Question: Liam, I’m 28 and I want to retire at age 45. I reckon I’ll need about €2,500 per month to fund the lifestyle I’ll want. I currently save €2,000 per month and I have c. €80,000 in savings, the majority of which came from a recent inheritance. Am I on track, and how much do I need, and do I need to increase the amount I save each year?
Answer: The amount you’ll need is about €750,000 and I’m arriving at this figure using the monthly 300 rule, which assumes the amount you’ll need to accumulate is 300 times your monthly spend. This figure is underpinned by an assumption that you’ll withdraw 4% from the value of your fund each year.

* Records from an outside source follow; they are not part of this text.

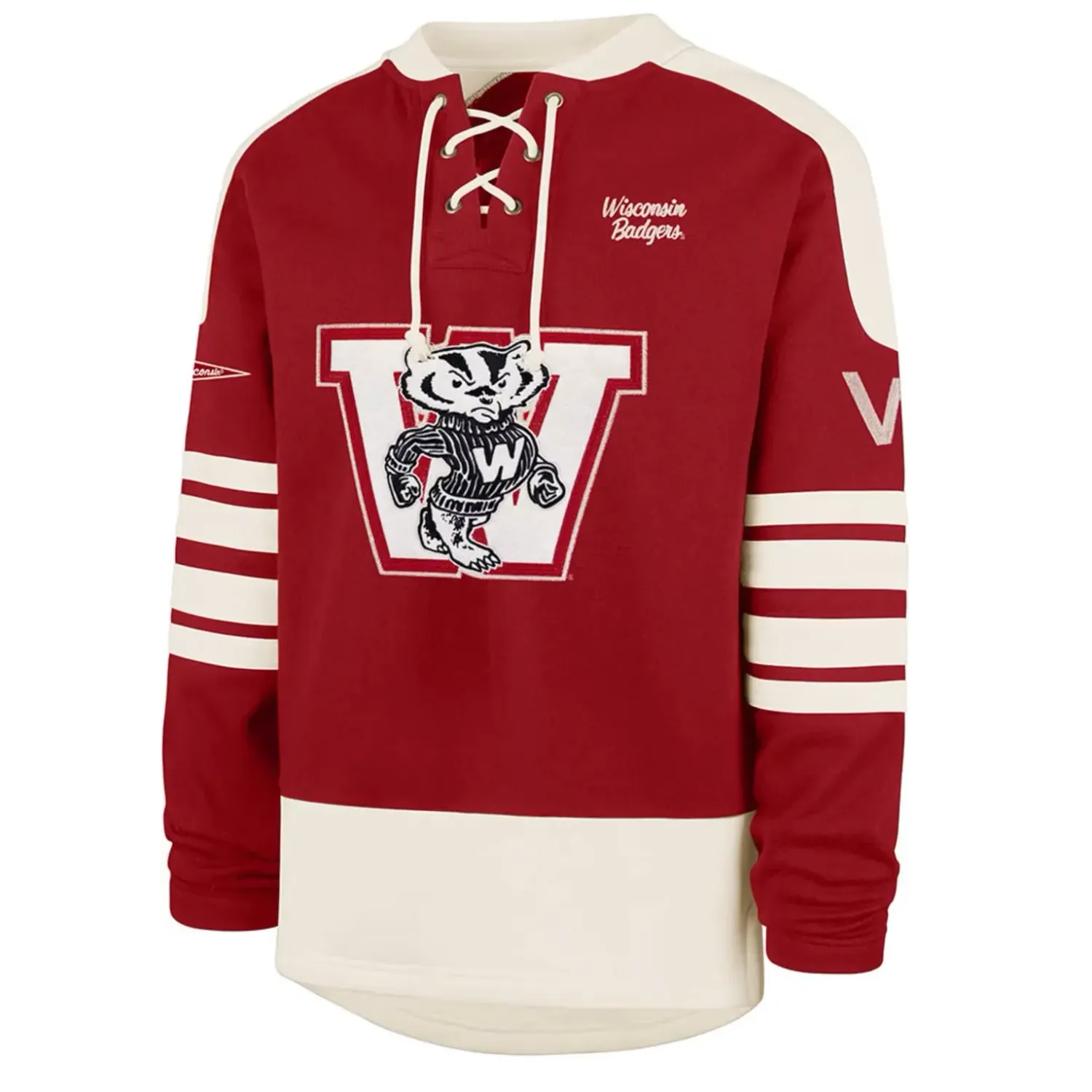 Front view of '47 Wisconsin Badgers red Lacer hoodie with Bucky Badger appliqué and striped sleeves
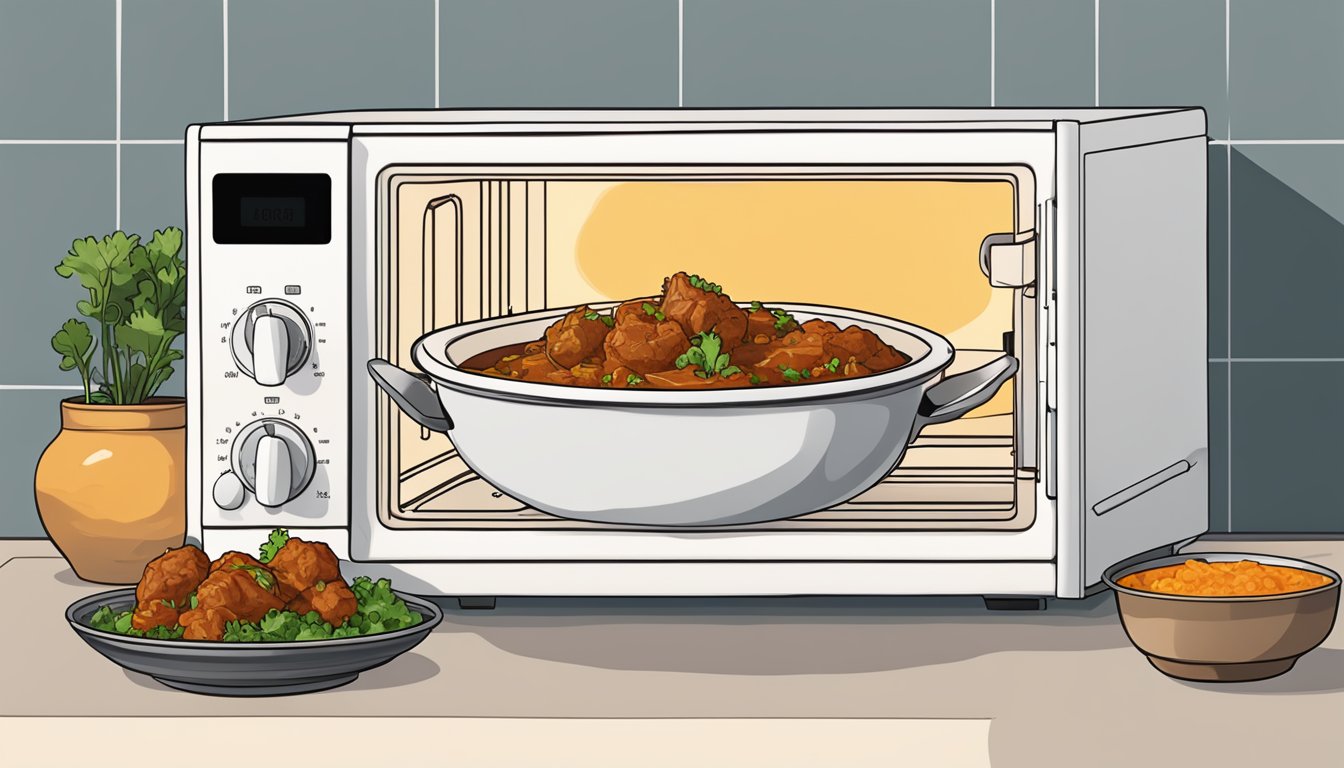 A steaming bowl of lamb rogan josh being reheated in a microwave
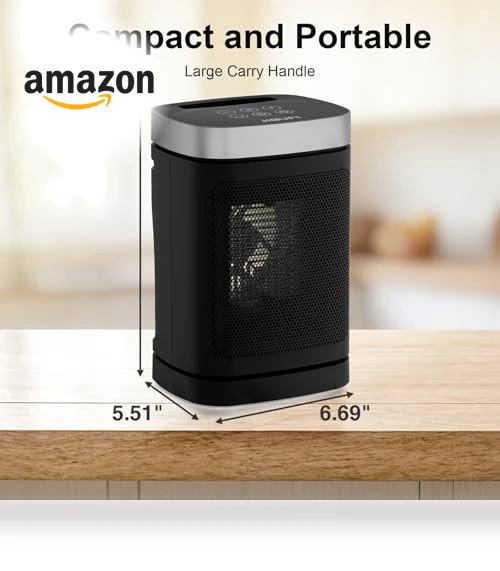 Portable Space Heater with 70° Rotation - 1500W PTC Electric Heater — Portable Heating Solutions, JIBUFI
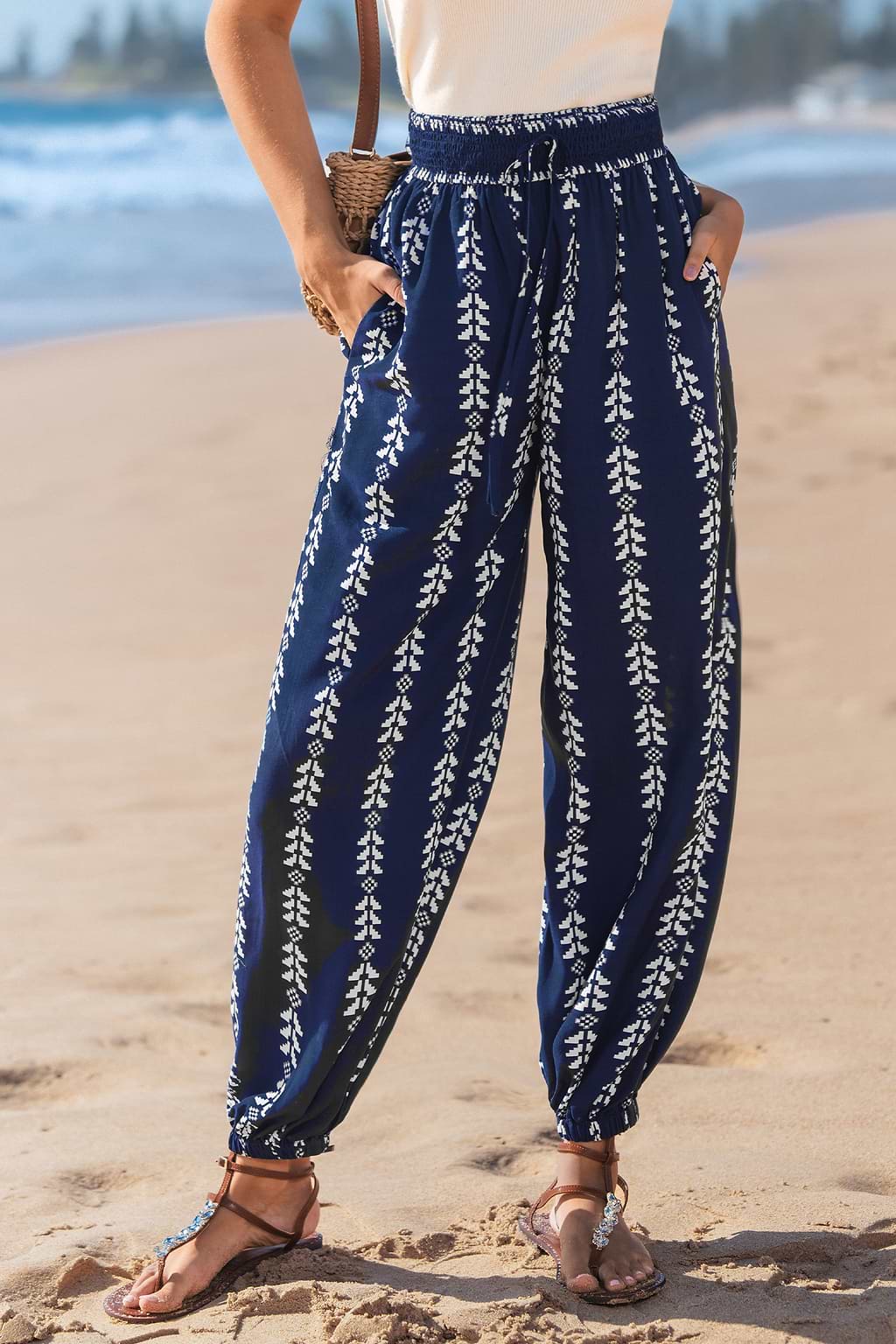 Navy Boho Tapered Cover-Up Pants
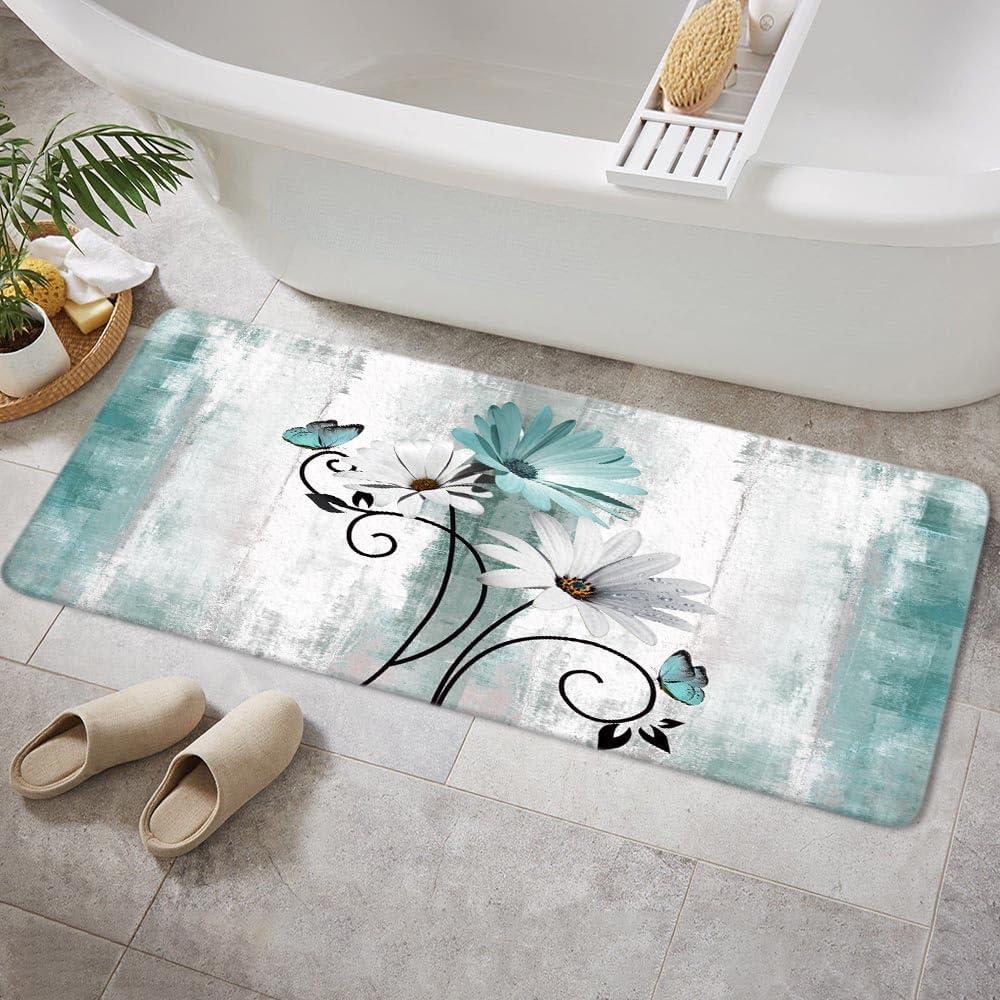 Rustic Farmhouse Bath Rug, Farm Teal Daisy Floral Flowers and Butterfly on Country Wooden Bath Mat Turquoise Blue Kitchen Rug Floor Mat Soft Non Slip Runner Carpet Indoor Doormat (16X48)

The calculation is a fairly easy one now that we know where you end point is i.e. €750,000.
First, we need to work out what you’ll end up with in 17 years’ when we combine the amount, you’re saving each month with the amount you have accumulated to date.
And when I do, using an annual return of 4% and accounting for inflation at a rate of 1% per annum, I get €631,022.
Which is €118,978 short of what you need, so you’re not on track with your current plan.
But you can bridge this deficit by either (a) increasing your monthly savings to €2,476 or (b) if you can’t increase your monthly savings by €476, you’ll need to get an annual return on your savings of 5.56%.
If both options are difficult, there are other ways you can bridge that deficit at 45, and the first is by earning a, monthly income of €397 because that’s the deficit that will exist from your existing plan and what you’ll need or defer retiring until you’re 48 because you’ll have enough then.